--- START ---

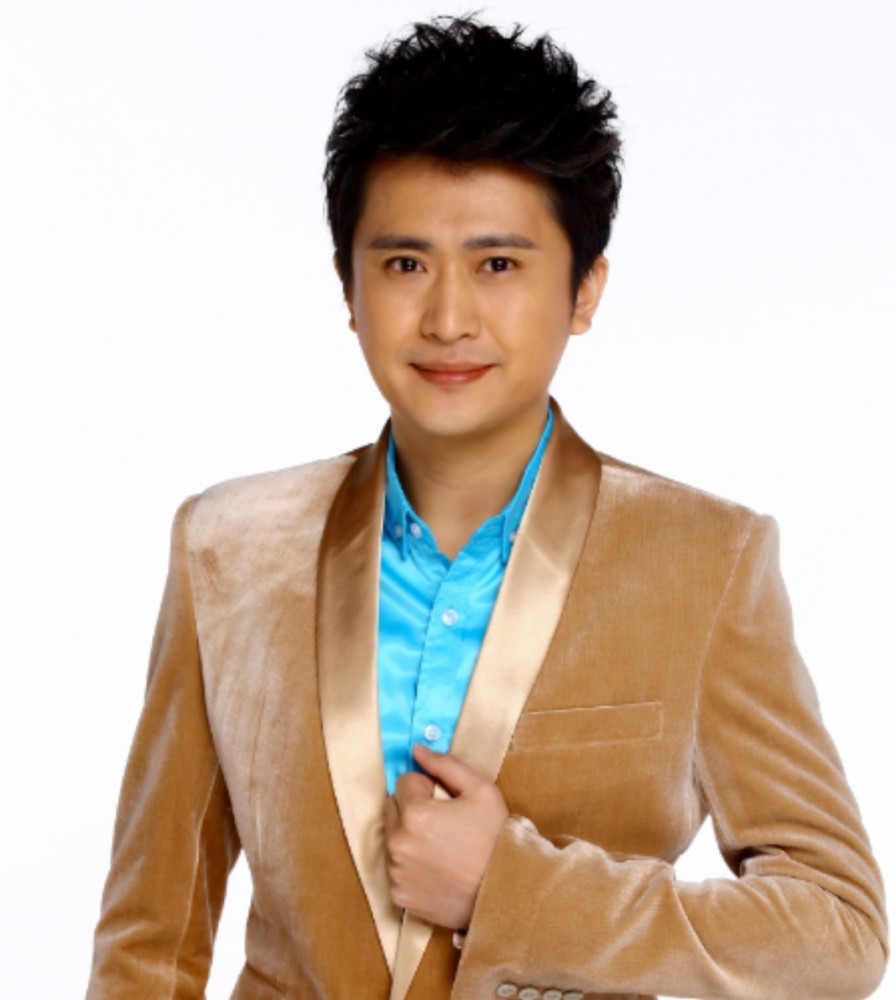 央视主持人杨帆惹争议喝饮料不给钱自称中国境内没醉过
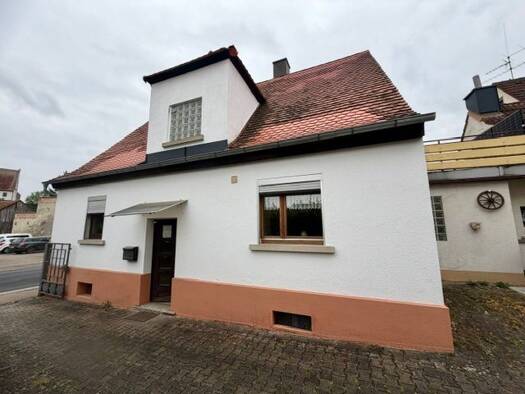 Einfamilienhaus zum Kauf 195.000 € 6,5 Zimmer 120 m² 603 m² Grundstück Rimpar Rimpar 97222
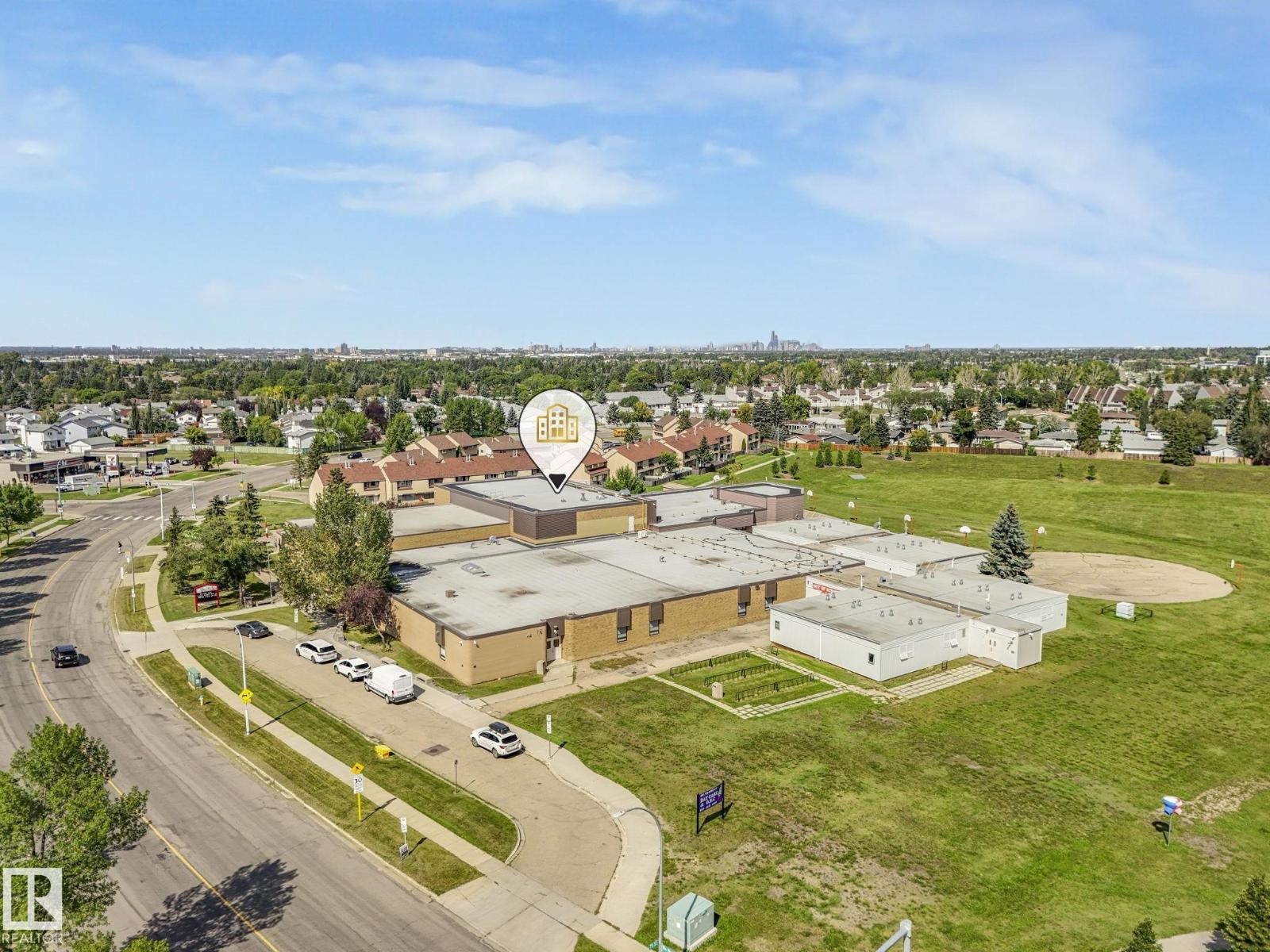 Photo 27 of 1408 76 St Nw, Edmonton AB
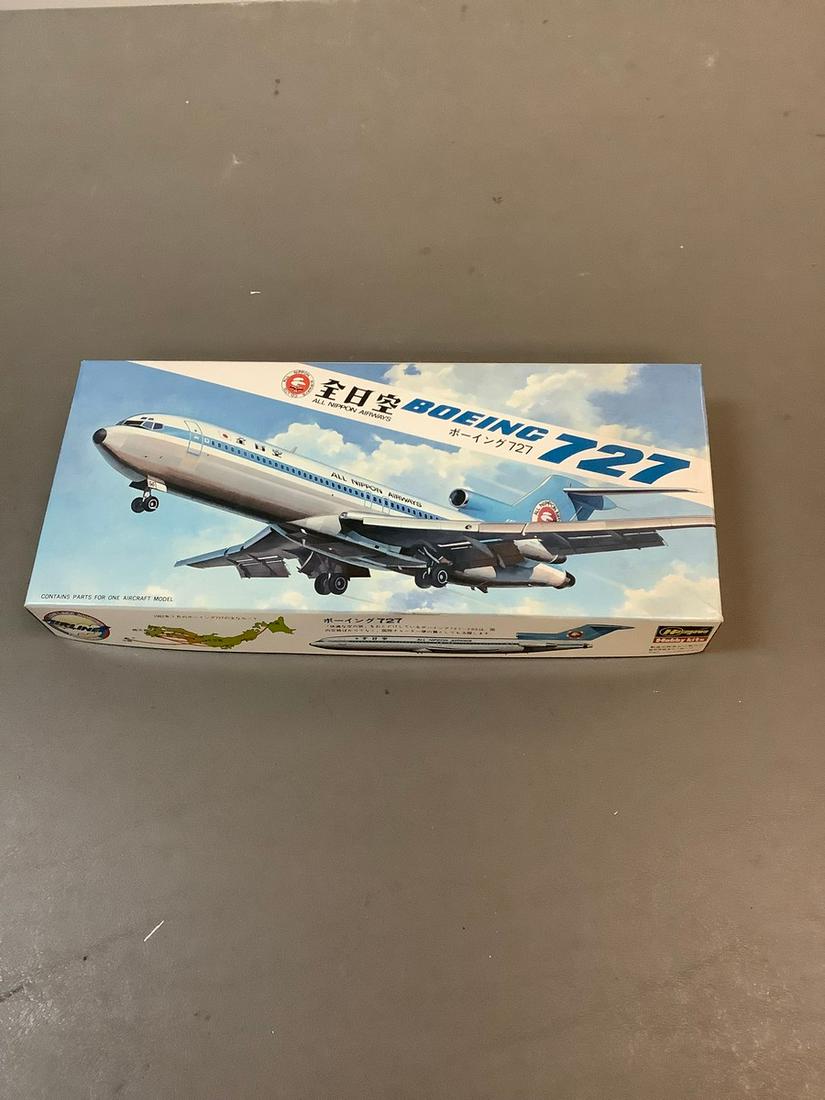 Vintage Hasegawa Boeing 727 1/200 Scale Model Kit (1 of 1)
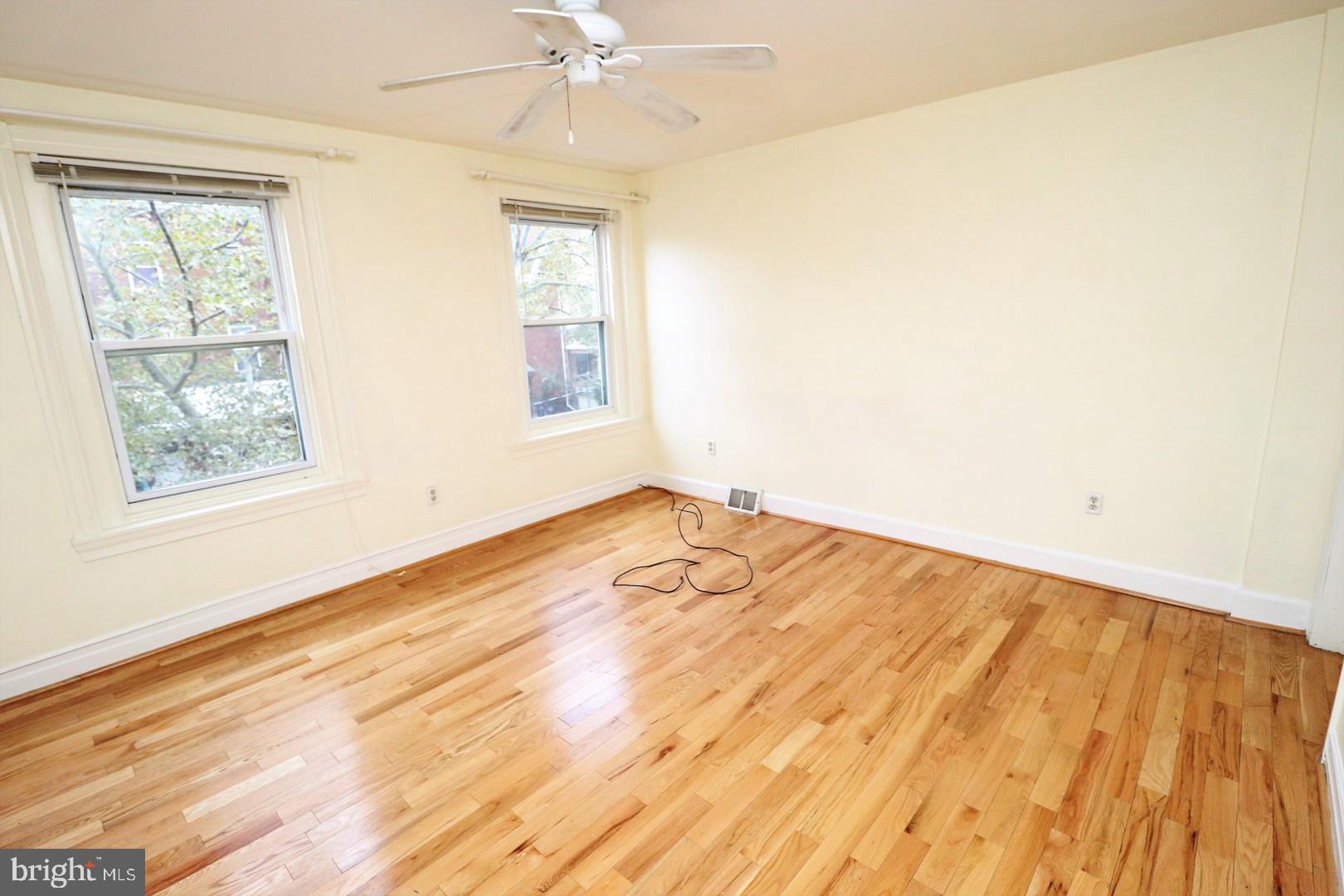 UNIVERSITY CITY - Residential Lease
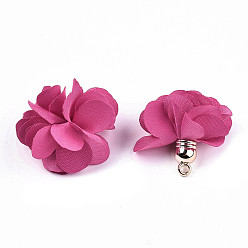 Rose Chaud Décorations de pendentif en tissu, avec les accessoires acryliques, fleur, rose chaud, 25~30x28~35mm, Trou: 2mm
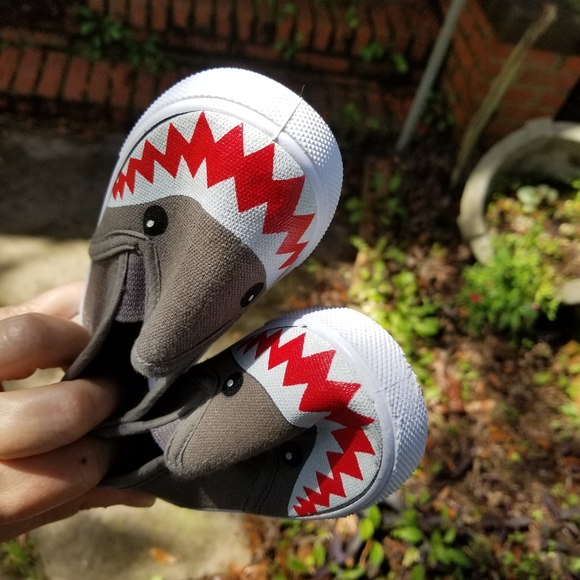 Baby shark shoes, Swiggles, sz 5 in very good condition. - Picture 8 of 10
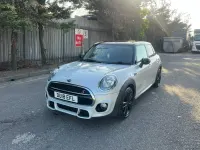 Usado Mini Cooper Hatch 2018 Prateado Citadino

--- END ---

§ Assignment
Although the records above contain pictures, the copy should not; retype exactly the lines from the one containing "Einfamilienhaus zum Kauf" through the one containing "UNIVERSITY CITY - Residential Lease".

§ Worked solution
 Einfamilienhaus zum Kauf 195.000 € 6,5 Zimmer 120 m² 603 m² Grundstück Rimpar Rimpar 97222
 Photo 27 of 1408 76 St Nw, Edmonton AB
 Vintage Hasegawa Boeing 727 1/200 Scale Model Kit (1 of 1)
 UNIVERSITY CITY - Residential Lease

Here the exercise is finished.